La scena rappresentata si compone di due parti, una terrena, l’altra divina. Infatti nella parte bassa della pala è rappresentata una moltitudine di personaggi, tra cui lo stesso papa Pacelli, Pio XI, che assistono quasi increduli, all’ascesa della Vergine nella beatitudine dei cieli, dove l’Assunta è accolta da uno stuolo di Angeli, tra questi un angelo, brandendo la spada, minaccia il male terreno, riecheggiando la figura dell’arcangelo Michele.
Anche questo altare, piuttosto semplice nella sua realizzazione, vede la pala d’altare incastonata entro una cornice marmorea scura che presenta nella trabeazione la scritta Assumpta est Mariam in coelum , mentre alla base, in una teca vetrata è deposta la Dormitio Virginis.
L’ultima cappella che troviamo (ma la prima entrando dal lato destro) è dedicata a Maria Ausiliatrice, come indicato anche dall’iscrizione Auxilium Christianorum riportata nella trabeazione. Anche questa pala, inserita in una cornice dorata, sovrasta un semplice altare marmoreo con tabernacolo, elevato nel 1951 per volontà delle sorelle M.Bonaria e Efisia Bonetti.
Realizzata da A.Mura nel 1965 la Madonna si differenzia dalla più classica Madonna dei Salesiani perché è raffigura seduta col Bambinello ritto sulle sue ginocchia mentre due angeli, che reggono la corona, sono in volo.
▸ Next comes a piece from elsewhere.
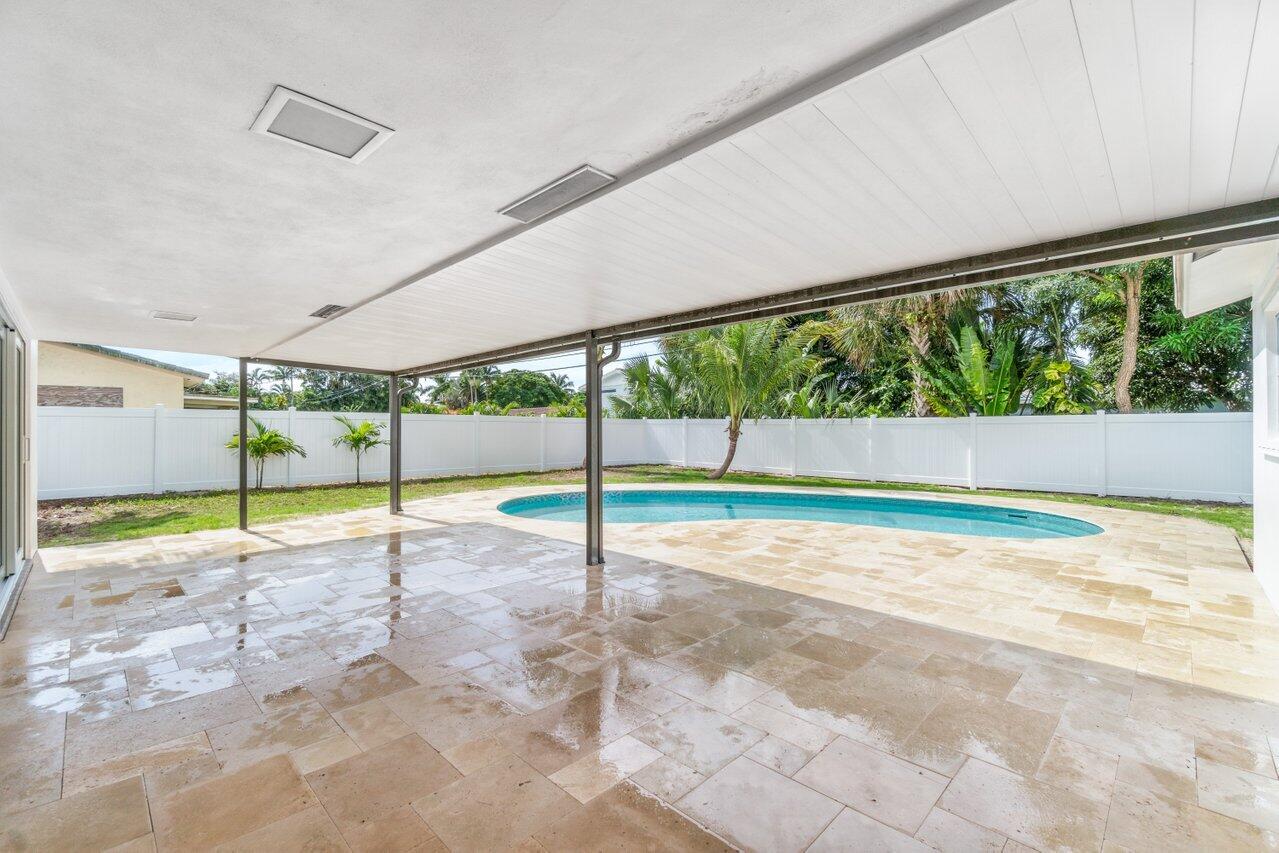 669 Northwest 15th Court Boca Raton, FL 33486 - Photo 30 of 37 031-669Northwest15thCourt-BocaRaton-FL-3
Ai suoi piedi tante figure religiose emblematiche: S. Raimondo Nonnato, S.Giovanni Bosco, S.Rita, il giovanissimo S.Domenico e bimbi dalla pelle scura, su cui, senza alcuna distinzione, cade la bontà divina della Madonna. Nello sfondo della tela è riconoscibile lo stagno di S.Gilla.
Il lungo percorso fatto insieme ci ha permesso di avere una visione almeno sommaria dei tanti tesori, sia storici che artistici, racchiusi tra le sacre mura della Basilica di N.S. di Bonaria. La sua realizzazione non fu facile, ma al contrario, tra le sue pietre si nasconde una lunga storia, fatta di speranze e delusioni e oggi, conoscendola, forse ce la rende ancora più cara, così da entrare più profondamente nei nostri sentimenti.